Print the lines from the one containing "Toyota Prius Comfort" through the end of the material below, both included, exactly as they appear and without pictures.

» **Source information**
******************************

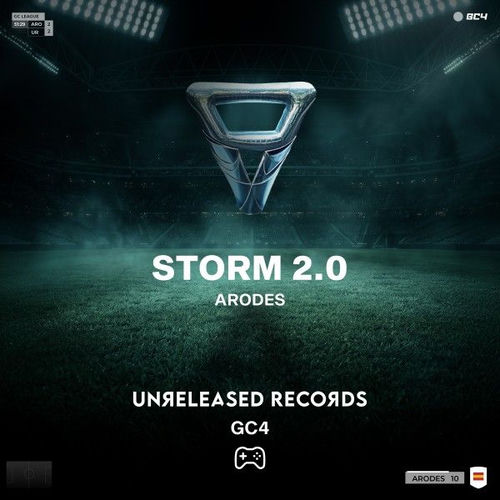 Storm 2.0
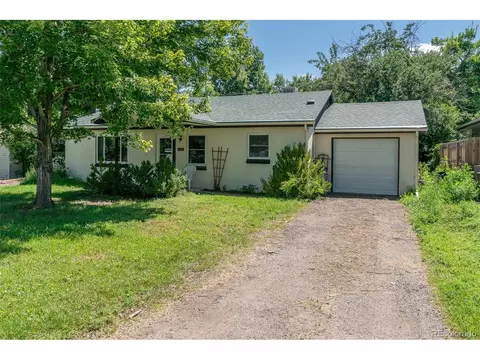 4280 Carr St, Wheat Ridge, CO 80033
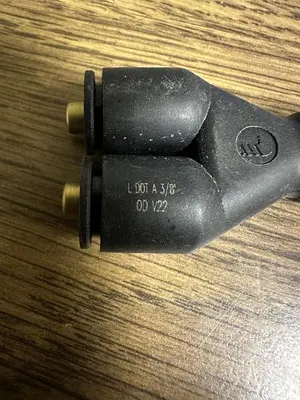 New | in-Stock LEGRIS OD V22 Valves/Fittings Ohio US | Surplus Asset Holdings #1245078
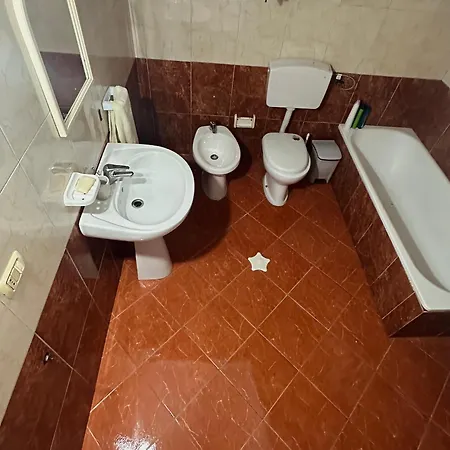 Appartement Cozy Tirana
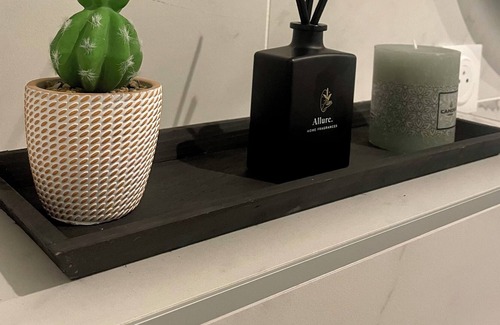 Sassenage Apartamento | Casa amore with jacuzzi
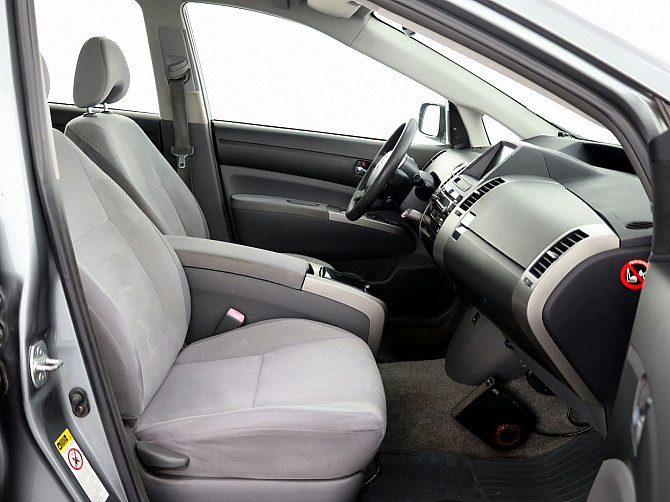Toyota Prius Comfort ATM 1.5 57kW Таллин - изображение 6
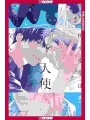Enomoto Is No Angel s/c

******************************

» **Answer area**
Toyota Prius Comfort ATM 1.5 57kW Таллин - изображение 6
Enomoto Is No Angel s/c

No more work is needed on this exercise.